RMI (Rocky Mountain Institute) provides a timeline-based interactive map depicting the U.S.’s historical imports of oil since 1973. Map controls can slide to specific dates and highlight five periods by major oil crises, including history briefs in the sideline. Map units can be displayed in oil or U.S. dollars. Map can also be put on auto-play. This is a well-done interactive map and interesting visualization of the flow of resources over time.
Rocky Mountain Institute is an independent, entrepreneurial nonprofit think-and-do tank™ that drives the efficient and restorative use of resources (from the RMI website).

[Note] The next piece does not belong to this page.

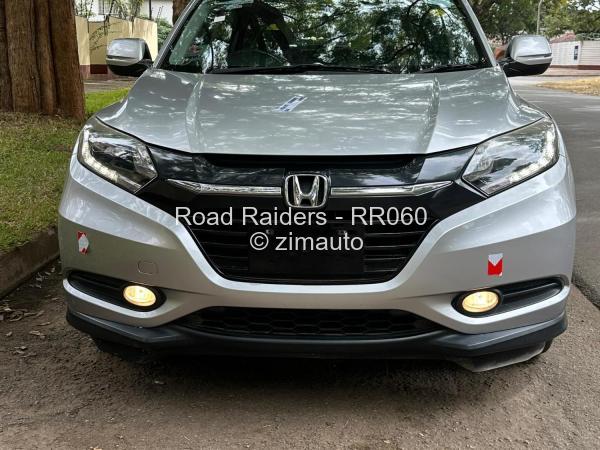 2016 Honda Vezzel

I’m looking forward seeing the first mapping application using virtual digital holograms. What is a virtual digital hologram you ask? It is very cool technology that creates a 3-d image you can move around via tracking from your webcam. The best place to check it out is GE’s fantastic implementation Plug Into the Smart Grid.
Think of the pieces that might be used for a mapping implementation – it may be aerial photography, digital elevation models, Sketchup and other 3-d models of buildings and cities. And now FLARToolkit is available as a free non-commercial license to pull those pieces together to create virtual digital holograms viewable by anyone with a webcam, printer, and Internet connection. Due to the novelty aspect of the technology, its biggest potential may be its use for marketing, communication, and education campaigns. If you’ve seen mapping or other fun uses of this technology, please share them!

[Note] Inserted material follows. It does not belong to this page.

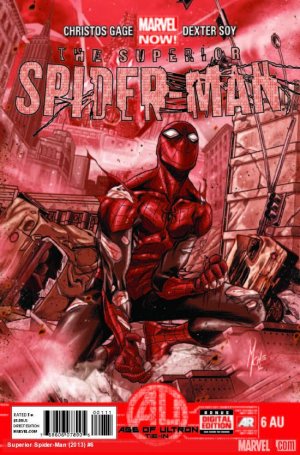 The Superior Spider-Man # 6 Issues V1 - Age of Ultron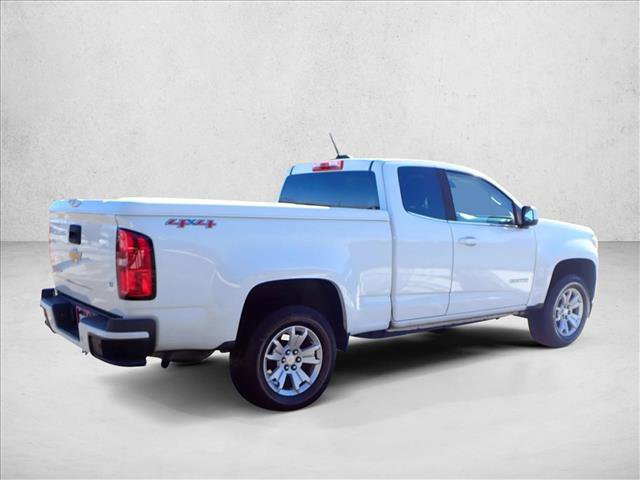 Used 2019 Chevrolet Colorado LT w/ Safety Package image 4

NPR has produced a new interactive map of the U.S. energy grid and power sources. Included are several roll-over maps to see percent energy production by different states and by fuel type. It also includes an informative display of anticipated renewable (solar and wind) fuel sources incorporated into the grid over the next few decades. The maps are intuitive, well designed, and data sources are cited in the map’s footnotes. This is a good example of interactive map design for public education. It should serve as a terrific resource for educators to help students understand power production, renewable power supply, and power distribution in the U.S.
The interactive map is produced for NPR’s series, “Power Hungry: Re-Envisioning Electricity In The U.S.,” including over a dozen articles. One could easily imagine this series and maps being worked into the curriculum in middle through higher education, inviting students to explore questions about location, energy, and the future. From the site: “The U.S. electric grid is a complex network of independently owned and operated power plants and transmission lines. Aging infrastructure, combined with a rise in domestic electricity consumption, has forced experts to critically examine the status and health of the nation’s electrical systems.”